Accounting for Observational Biases in SEGUE

SEGUE selects targets from SDSS for spectroscopic observation based on a series of photometric and proper-motion cuts. For each line-of-sight, SEGUE randomly assigns spectroscopic fibers to photometric targets which fulfill the criteria of different stellar categories. Each line-of-sight, regardless of the number density of stars, is probed with the same number of spectroscopic fibers. Thus, many of the SEGUE categories will oversample stars in regions of low stellar density, like the halo.

Many of the SEGUE Target Selection criteria overlap with one another. SEGUE categories often focus on specific ranges in parameter space, such as stars with low metallicity or small proper motions. The overlap between different target categories can bias individual target categories in parameter space.

Each SEGUE category is affected by the observational bias against regions of the sky with high stellar density. However, the biases due to target selection criteria vary for the different target types. Thus far, there have been a number of SEGUE publications that have constrained and corrected for the biases in different SEGUE categories. Cheng et al. 2012 examined the observational biases of the main sequence turn-off stars on low-latitude plates, and Ma et al. (in prep) are currently investigating the biases in the K-giant sample. Finally, Schlesinger et al. 2012 determined and corrected for the effect of SEGUE target selection on cool dwarf stars (G and K). A portion of this sample was also studied and corrected in a different way by Bovy et al. 2012 and Liu & van de Ven 2012.

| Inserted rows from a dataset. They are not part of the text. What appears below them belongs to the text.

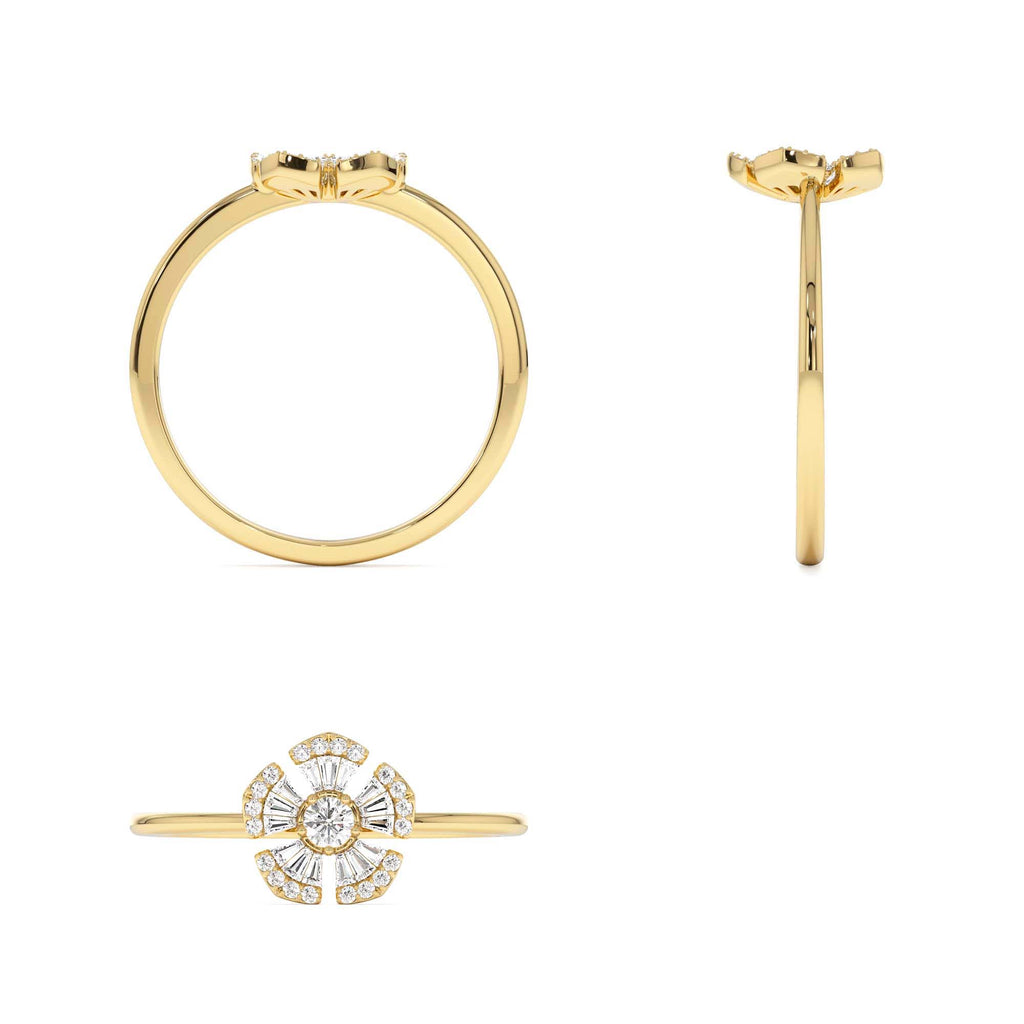 14k Diamond Floral Baguette Ring - view 5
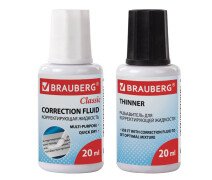 Корректирующая жидкость 20 мл BRAUBERG + РАЗБАВИТЕЛЬ 20 мл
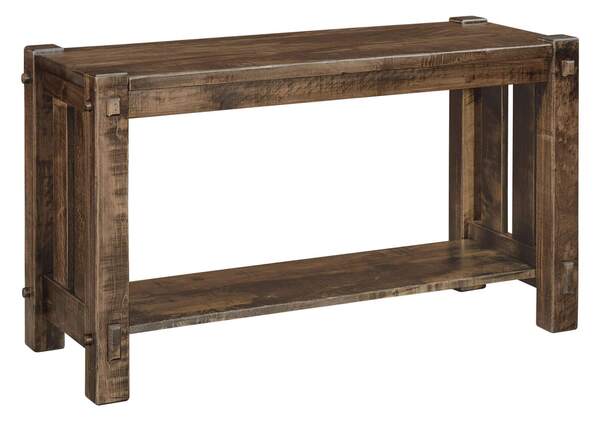 Dutton Rough Sawn Brown Maple Wood Console Table
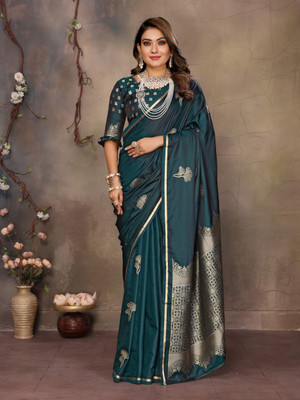Pandadi Saree Woven Banarasi Satin, Silk Blend Saree(Green)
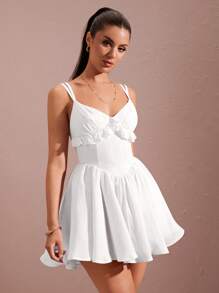 SHEIN BAE Mùa Hè Gợi Cảm Mùa Tốt Nghiệp Nữ V Sâu Cúp Ren Lá Sen Ngọt Phồng Công Chúa Mini Màu Hồng - trắng - Xem 3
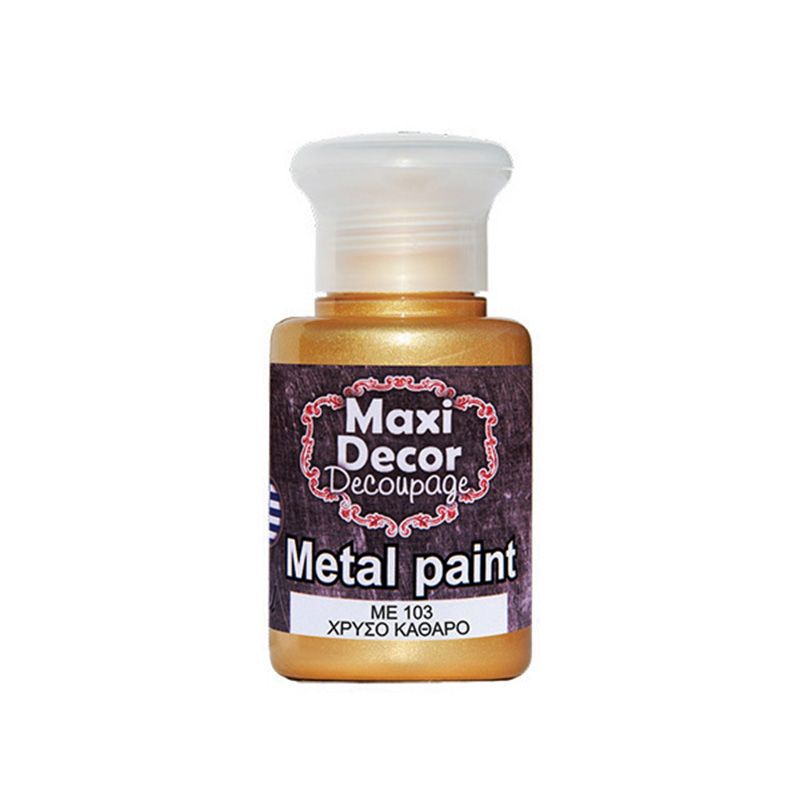 MAXI COLOR Μεταλλικό Χρώμα Me-103 60Ml Χρυσό Καθαρό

Here, we provide the complete sample of G- and K-dwarf stars in SEGUE (e.g., every star that meets the appropriate photometric criteria) and explain how to correct for the various observational biases in the sample using the methods of Schlesinger et al. 2012. Although this page provides information for only two stellar categories, the techniques used to correct for biases are applicable for many other types of SEGUE stars.

The G- and K-dwarf Sample

We select the G- and K-dwarf stars from DR9 using bitmasks in segueTargetAll. Many of these targets are observed multiple times, both in SEGUE-1 and SEGUE-2. We use a multi-part query to extract the best version of unique SEGUE-1 G and K dwarfs (note that these categories were not explicitly targeted by SEGUE-2). We have included the appropriate queries here. If you are new to SEGUE, please use the available SEGUE, SQL, CASJobs Tutorial.

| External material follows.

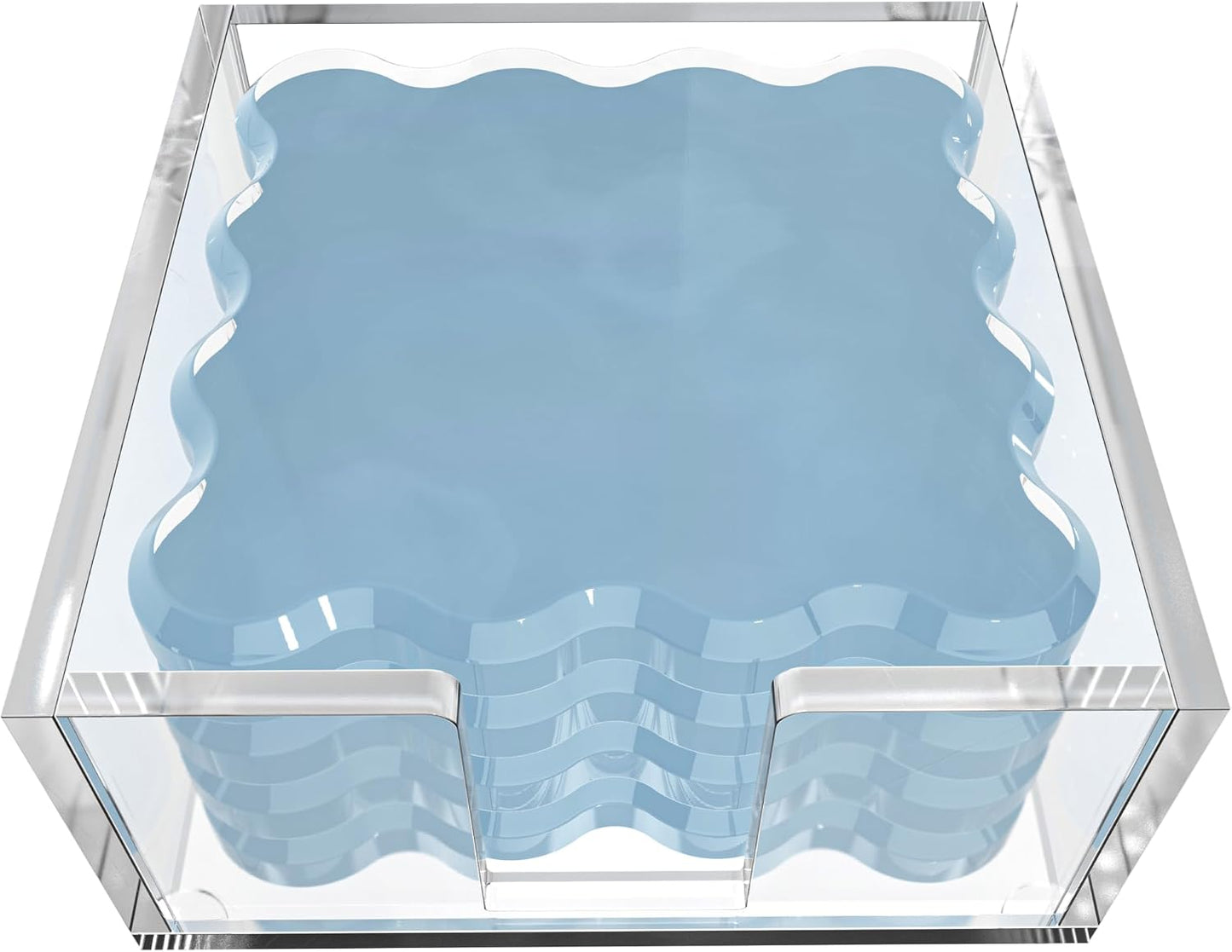 GRAHAM DESIGN Square Scalloped Acrylic Drink Coaster Set 4‑Pack with Square Holder (Light Blue)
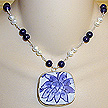 DKC ~ Pottery Shard Necklace w/ Lapis Lazuli & Pearl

Observational Biases in the Sample

There are three main observational biases in the SEGUE G- and K-dwarf sample:

  • Color cuts select from different portions of the mass function for different metallicities
  • Different SEGUE target categories overlap with the G- and K-dwarf sample
  • Regions with high stellar density receive the same number of spectroscopic fibers as those with low stellar density

Due to the variation in the stellar sample over the SEGUE footprint, we must correct for these biases separately along each individual line-of-sight. We detail each of the observational biases that affect the G- and K-dwarf sample and how we correct for them below.

Mass Function

The color cuts used to select the G- and K-dwarf sample probe a different portion of the mass function over the range of metallicities. For example, the G-dwarf color cut isolates stars with mass near 0.7 Msolar for [Fe/H] of -1.0 and near-solar mass stars for solar metallicity. Mass functions for the Galaxy predict a larger number of less-massive stars; thus, the color cut of SEGUE will result in a metallicity bias.

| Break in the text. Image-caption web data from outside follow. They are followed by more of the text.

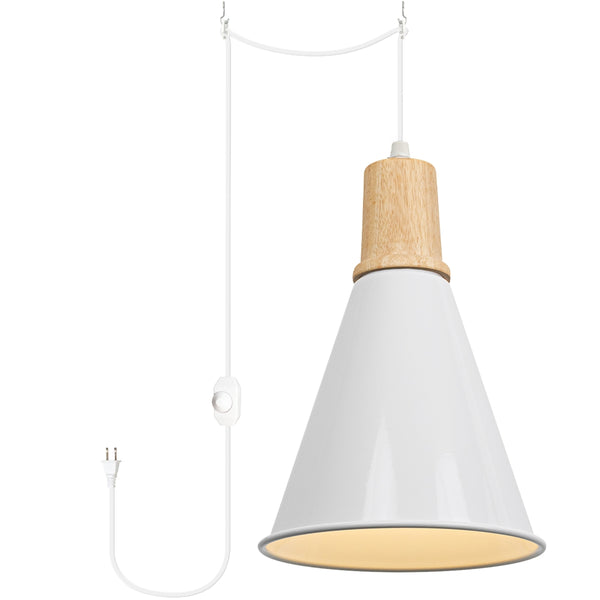 FSLiving Wooden Pendant Light, Outlet Type, Scandinavian, Indirect Lighting, Ceiling Lighting, LED Compatible, E26, Dimmer Included, Suitable for Rental Properties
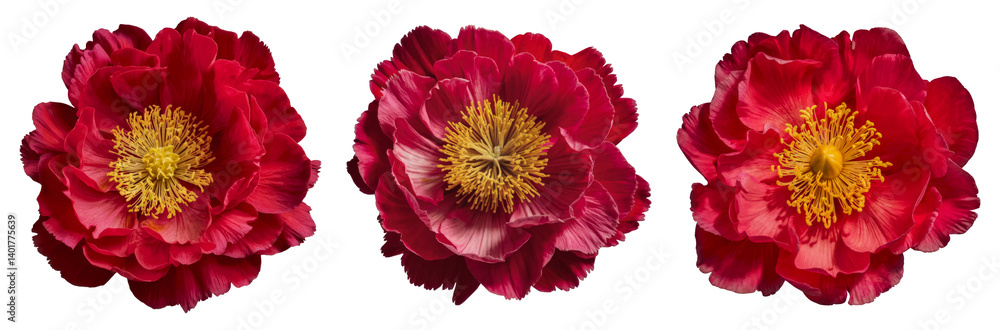 three red peony flowers isolated on white background three red peony flowers isolated on white background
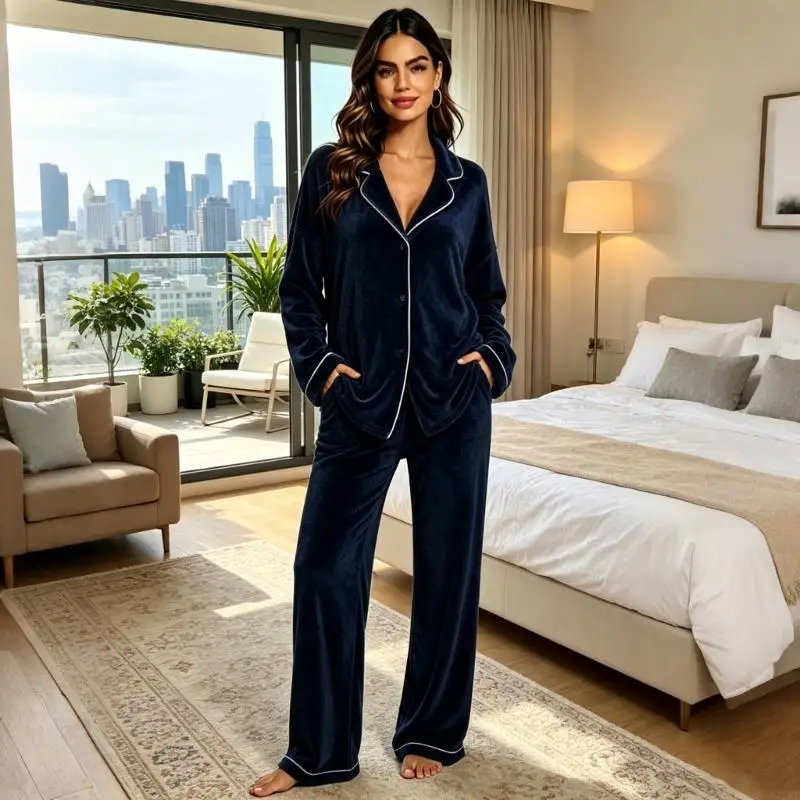 77HE Velour Track Suits for Women Long Sleeve Pajama Set Casual 2 Piece Loungewear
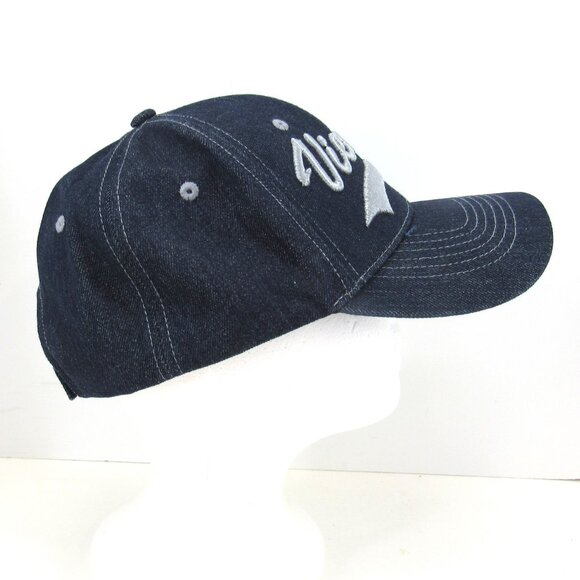 Vienna 1237 Embroidered Logo Men's Blue Jean Look Adjustable Strap Back Cap Hat - Picture 5 of 10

As detailed in Schlesinger et al. 2012, each metallicity range must be scaled as if it probed the same portion of the mass function to correct for this effect. The masses probed by the G- and K-dwarf color and metallicity range are typically from 0.5 to 1.0 Msolar , but do not necessarily overlap for each metallicity bin. As this is not a large range in mass, the metallicity bias introduced by the color cuts is a small effect compared to other observational biases that affect the sample. There are numerous different mass functions one can use to make these adjustments. Different groups prefer using different mass functions, and we leave this correction for each group to do individually.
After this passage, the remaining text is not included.